> [Try it]: Print word for word the first line of the listing below and every line after it, through the line with "Autumn in Grand Tetons National Park". Leave out the pictures and the rest.

> [Source data]:
Content starts

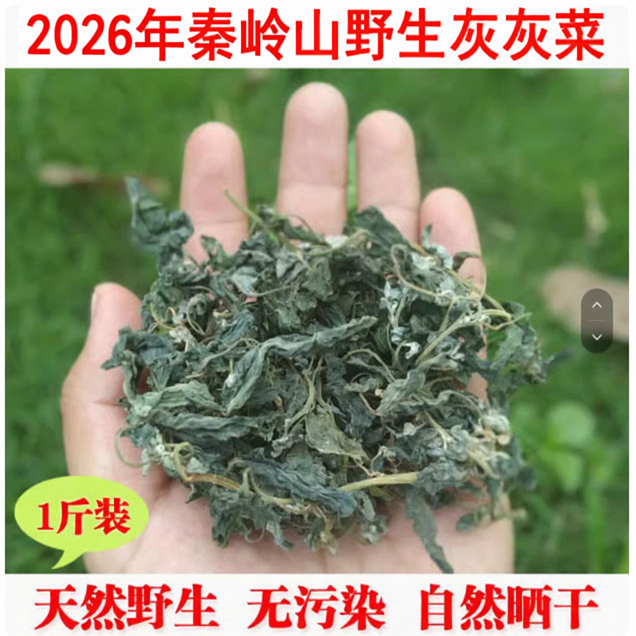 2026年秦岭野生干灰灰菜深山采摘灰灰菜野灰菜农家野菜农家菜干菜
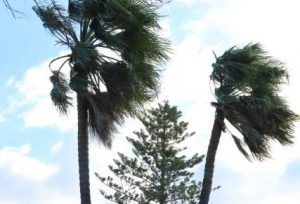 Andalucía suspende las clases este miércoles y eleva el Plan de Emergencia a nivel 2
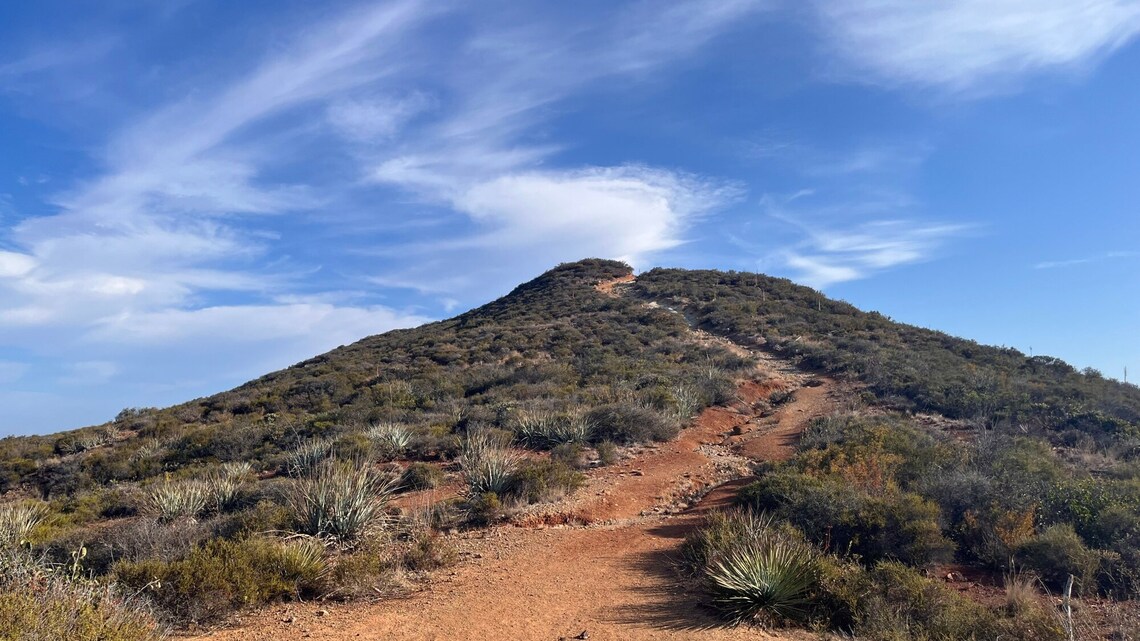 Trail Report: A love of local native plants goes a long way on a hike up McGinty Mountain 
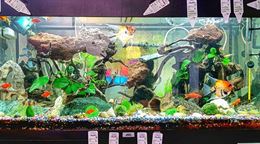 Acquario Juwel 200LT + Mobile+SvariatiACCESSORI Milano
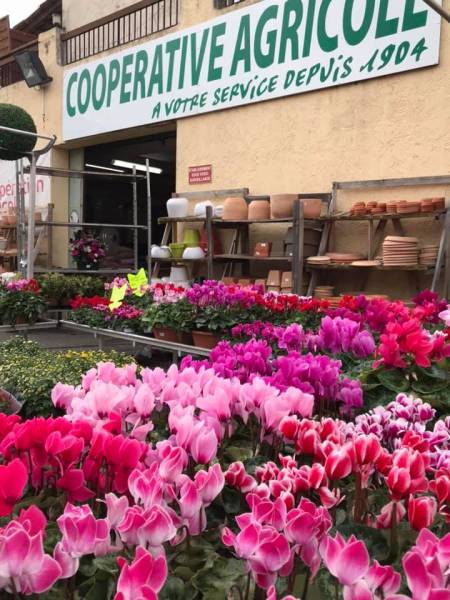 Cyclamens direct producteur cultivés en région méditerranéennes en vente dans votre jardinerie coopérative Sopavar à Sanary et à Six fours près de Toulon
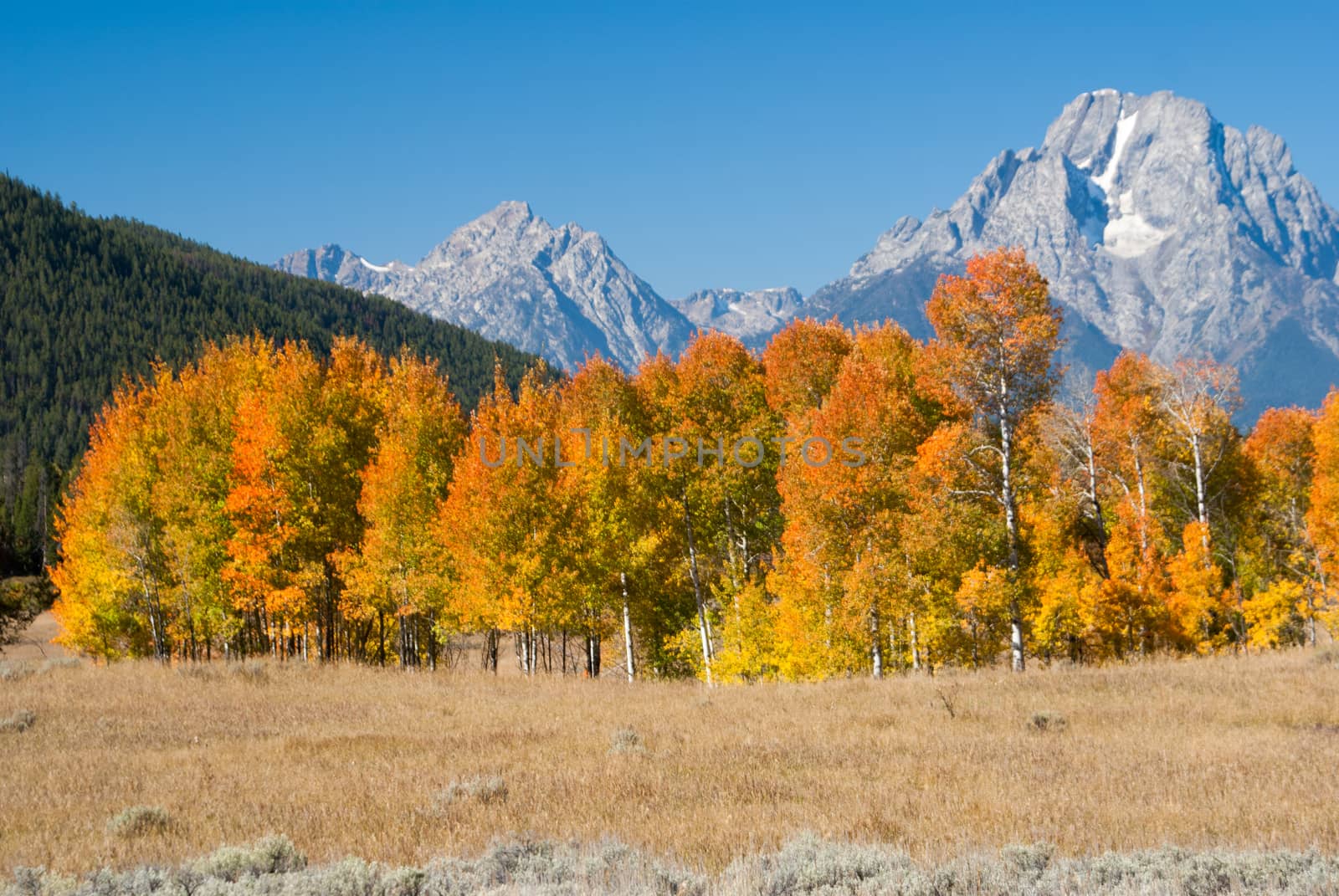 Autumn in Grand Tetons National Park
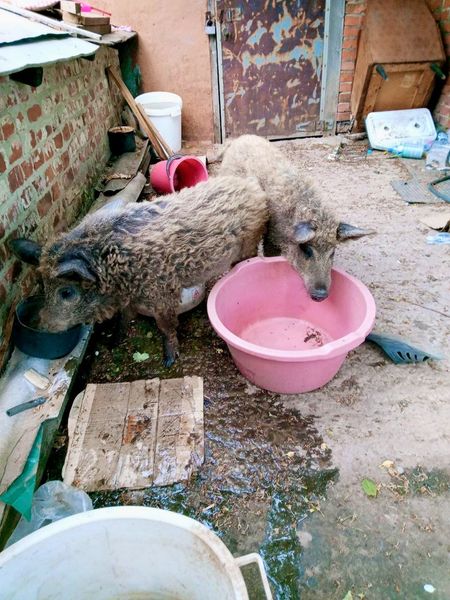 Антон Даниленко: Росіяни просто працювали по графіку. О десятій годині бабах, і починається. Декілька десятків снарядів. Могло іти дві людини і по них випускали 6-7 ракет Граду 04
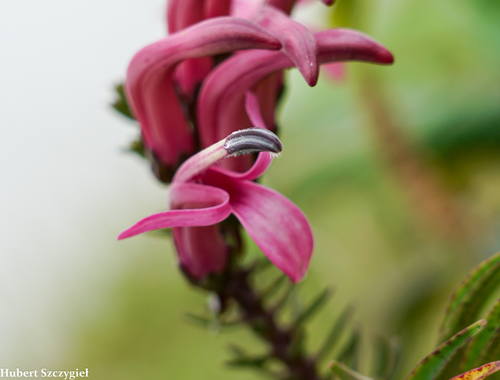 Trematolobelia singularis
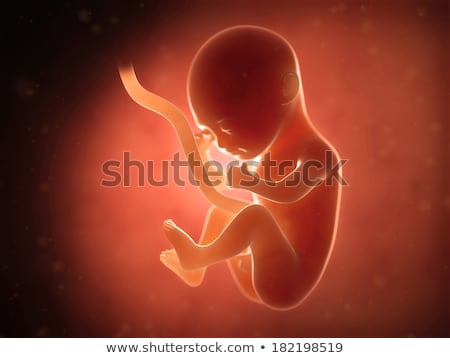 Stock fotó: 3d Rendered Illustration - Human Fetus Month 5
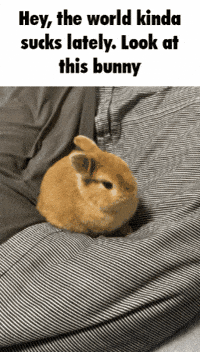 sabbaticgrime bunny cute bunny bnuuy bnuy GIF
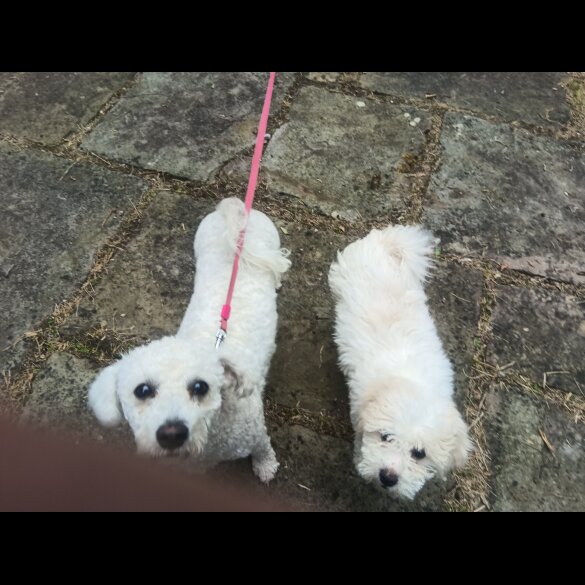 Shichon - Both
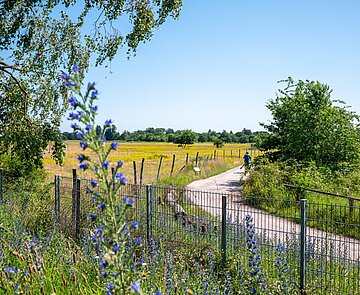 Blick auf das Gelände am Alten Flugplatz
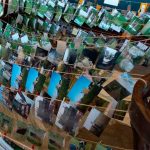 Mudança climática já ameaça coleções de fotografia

Content ends

> [Finished exercise]:
 2026年秦岭野生干灰灰菜深山采摘灰灰菜野灰菜农家野菜农家菜干菜
 Andalucía suspende las clases este miércoles y eleva el Plan de Emergencia a nivel 2
 Trail Report: A love of local native plants goes a long way on a hike up McGinty Mountain 
 Acquario Juwel 200LT + Mobile+SvariatiACCESSORI Milano
 Cyclamens direct producteur cultivés en région méditerranéennes en vente dans votre jardinerie coopérative Sopavar à Sanary et à Six fours près de Toulon
 Autumn in Grand Tetons National Park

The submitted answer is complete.